Q: So, I have been talking this guy for a bit on Tinder. He recently asked me on a date and I said yes because I didn’t want to turn him down but I really don’t want to go. How do I get out of it?

A: Firstly, you should never feel obligated to say yes to anything you don’t want to do. Even if you think it will make him feel bad, you can’t always say yes to people you are not interested in.

Backing out of plans you made isn’t exactly the nicest thing to do, but if you didn’t want to go on this date in the first place you should probably let him know. If you go on this date when you know you have no interest in him, you will waste both his and your time. It would be in your best interest to tell him the truth; that you’re not actually interested in him and would like to cancel the date. It may seem a little harsh, but if you know that you are not interested in this guy there is no reason to make him think that you are by accepting his invitation. There is also no reason to put yourself through an experience you know you are not going to enjoy.

I think it is common for people in the dating realm to go on dates with people they’re not interested in just to ‘give them a chance’. Going out with someone that has peaked your interest in some way is fine. However, going out with someone who you’ve been chatting with and know you have nothing in common is a bad idea. It is very unlikely that going on a date with someone will magically change your opinion about them. There is a difference between being picky and entering a relationship with someone who meets your standards and expectations. Only dating men who are 5-foot-11.5 and wear exclusively Nike products is being picky. Only dating men who are attentive, respectful and share your sense of humor is what it means to have standards.

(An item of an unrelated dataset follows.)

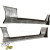 VSaero FRP BSPO Side Skirts > Mazda RX-7 (FC3S) 1986-1992 - image 10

In the future, never be afraid to say no to someone. There are nice ways to say no if you are afraid of coming off as rude. If the person you are talking to becomes persistent or violent in any way it is best to cut all contact with them and report them to a higher authority if necessary.

-Sally Seahawk

Q: What should I bring to Friendsgiving? 

A: Pull out the big guns and bring the turkey to your Friendsgiving. It is a ton of work to make a turkey. It takes all day to prep and cook that huge bird. It may not seem worth your time when you could easily go to Harris Teeter and buy some pre-cooked chicken, but your friends will thank you for it. You will be the MVP for years to come. I brought the turkey to my Friendsgiving a few years ago and my friends still rave about that time I cooked a whole turkey for them. If you want to gain a few good friend-points (or you’re just a great friend) bringing the turkey is a good move.

Bring something unexpected. Your friends can have mashed potatoes or mac and cheese at anyone’s house on Thanksgiving Day. Try making a new dish or putting a spin on a traditional one. Bring nachos, burgers or something else you wouldn’t expect to eat on Thanksgiving. There are also plenty of recipes online that you can look through to find something fun and delicious.

If you are hosting your Friendsgiving, make it themed! I wouldn’t force anyone to dress up but having a theme for your friends to follow could make your get together more fun. For example, you can try making only finger foods. Or you can have your friends bring a dish from their favorite restaurant for everyone to try. This is a great way to put a spin on your Friendsgiving while still including everyone.

Instead of bringing food to your friends, try bringing your friends to the food! If you don’t want to worry about bringing a dish to your friends, try suggesting getting everyone together at one of your favorite restaurants. It could be an old deli in your hometown, somewhere (semi) fancy like The Cheesecake Factory, or even McDonalds. What really matters at Friendsgiving is that you are with all your friends. What or where you eat doesn’t really matter at long as you are with the people that you love.